:: EXTRACTED MATERIAL ::
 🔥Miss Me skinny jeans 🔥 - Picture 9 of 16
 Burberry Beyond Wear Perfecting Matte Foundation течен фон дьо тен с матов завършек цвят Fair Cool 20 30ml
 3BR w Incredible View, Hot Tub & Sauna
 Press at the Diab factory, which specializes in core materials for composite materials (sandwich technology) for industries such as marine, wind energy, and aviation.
:::
:: EXTRACTED MATERIAL ::
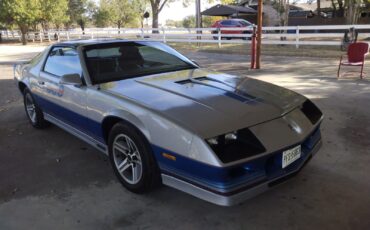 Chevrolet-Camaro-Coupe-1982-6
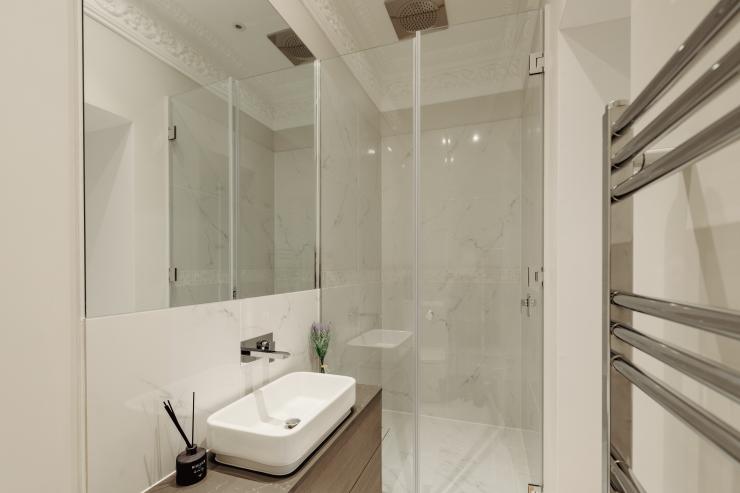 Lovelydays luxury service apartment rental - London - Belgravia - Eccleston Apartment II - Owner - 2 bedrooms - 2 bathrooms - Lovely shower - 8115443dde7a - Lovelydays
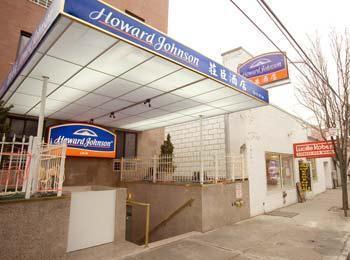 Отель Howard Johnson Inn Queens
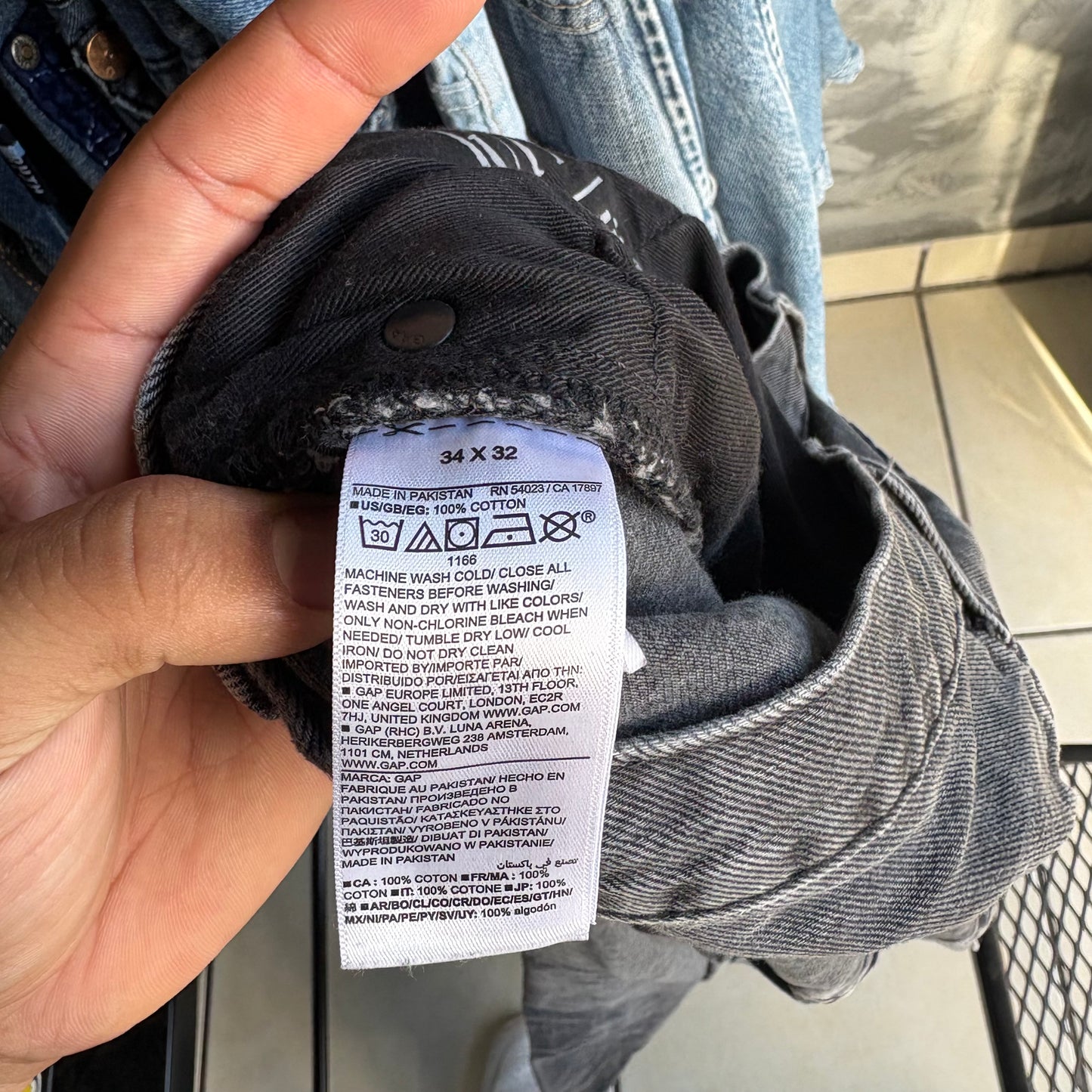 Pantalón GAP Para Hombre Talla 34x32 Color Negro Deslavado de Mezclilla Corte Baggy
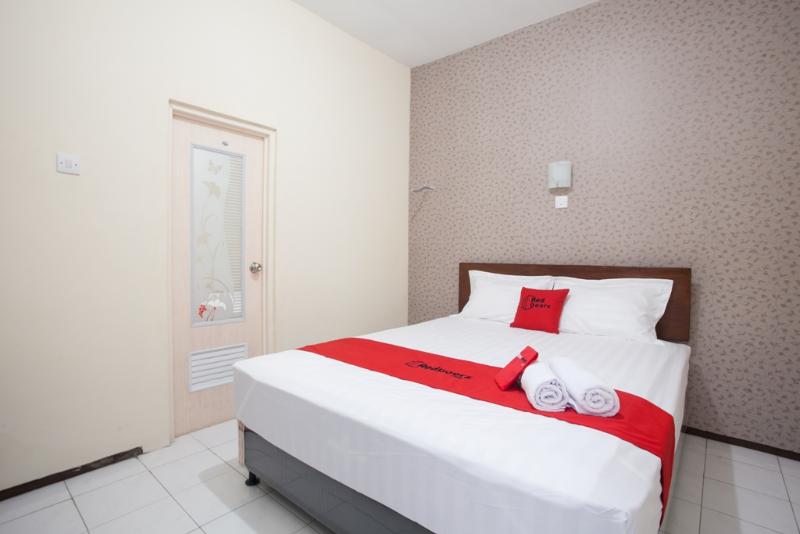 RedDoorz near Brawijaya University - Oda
:::
:: EXTRACTED MATERIAL ::
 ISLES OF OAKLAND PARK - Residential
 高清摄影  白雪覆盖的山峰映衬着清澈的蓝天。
:::
*AIM OF THE TASK*:
Using the data above, retype exactly and only the lines from the one containing "Pantalón GAP Para" up to and including the one containing "RedDoorz near Brawijaya University - Oda", with no pictures carried over.

*YOUR SOLUTION*:
 Pantalón GAP Para Hombre Talla 34x32 Color Negro Deslavado de Mezclilla Corte Baggy
 RedDoorz near Brawijaya University - Oda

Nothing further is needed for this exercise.